Quinze dias depois de tomar posse na presidência da maior empresa do Brasil e quinta maior de energia do mundo, a engenheira Maria das Graças Foster, 58, marcou uma reunião com um suposto desafeto para resolver uma das maiores pendências da companhia nos últimos anos: o atraso de entregas das encomendas feitas ao Estaleiro Atlântico Sul (EAS).

O endereço, um hotel em Recife; o suposto desafeto, o presidente da Transpetro, Sergio Machado. De lá, partiram para o estaleiro e colocaram as cartas na mesa: ou os donos --as construtoras Camargo Corrêa e Queiroz Galvão-- resolviam os problemas ou teriam as encomendas de 22 navios canceladas.

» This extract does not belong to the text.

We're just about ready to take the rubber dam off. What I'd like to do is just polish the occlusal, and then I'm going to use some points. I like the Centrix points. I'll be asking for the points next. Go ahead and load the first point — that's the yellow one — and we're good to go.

Além de atrasar entregas, o EAS havia perdido o sócio tecnológico Samsung, após desentendimentos com as controladoras. Sem ele, não poderia entregar encomendas a partir do sexto navio.

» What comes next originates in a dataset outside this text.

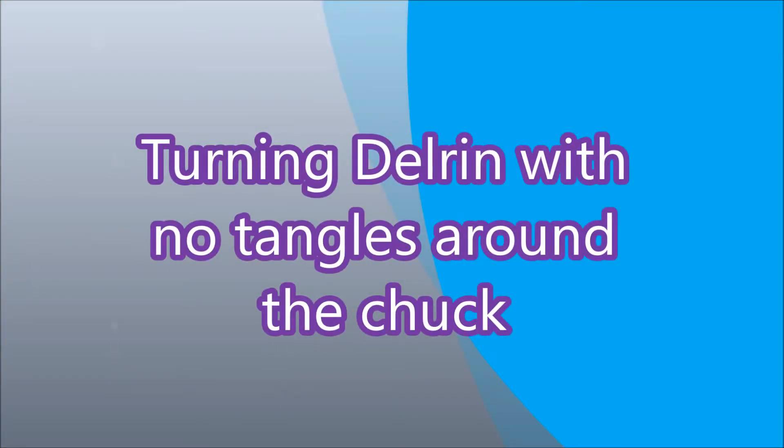Hi there. This part is made from Delrin, which is a DuPont plastic that machines readily and gives a great finish.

Depois da visita de Graça Foster --como prefere ser chamada--, tudo foi resolvido. O estaleiro foi multado, entregou o primeiro navio, João Cândido, e o grupo japonês IHI (Ishikawajima-Harima Heavy Industries) tornou-se parceiro para encomendas da subsidiária Transpetro.

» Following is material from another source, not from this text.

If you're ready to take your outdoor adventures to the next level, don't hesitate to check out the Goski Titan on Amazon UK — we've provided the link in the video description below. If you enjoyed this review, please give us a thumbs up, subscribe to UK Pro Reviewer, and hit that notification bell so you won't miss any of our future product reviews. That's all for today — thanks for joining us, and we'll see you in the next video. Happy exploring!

Estava lançada sua marca: acompanhar tudo o que acontece na firma e passar a limpo os erros da gestão anterior.

Os e-mails enviados a funcionários às 3h, comuns nos primeiros dias da gestão, já não são tão frequentes. Mas ligações para assessores próximos antes das 6h ou nos finais de semana são rotina.

Na Petrobras o comentário é unânime: nunca se trabalhou tanto como nos meses mais recentes.

DIA DE 48 HORAS

A executiva já disse a assessores querer que o dia tivesse 48 horas --quatro para dormir; quatro para assuntos fora da Petrobras--, explicitando assim suas prioridades.

Discreta, dá a poucos na empresa acesso à vida pessoal. É casada, tem dois filhos e uma neta. A carga de trabalho, que já era grande nos tempos de diretora de Gás e Energia, aumentou, deixando pouco espaço para as corridas na praia e finais de semana em Búzios (litoral norte do Rio). Ainda consegue frequentar a igreja.

As reuniões de diretoria, antes apenas às quintas-feiras, agora acontecem também às segundas. Isso tem deixado os diretores exaustos, já que Graça exige relatórios atualizados de todos os projetos em andamento.

Alguns precisam visitar obras nos fins de semana para chegar à reunião com a "lição" na ponta da língua.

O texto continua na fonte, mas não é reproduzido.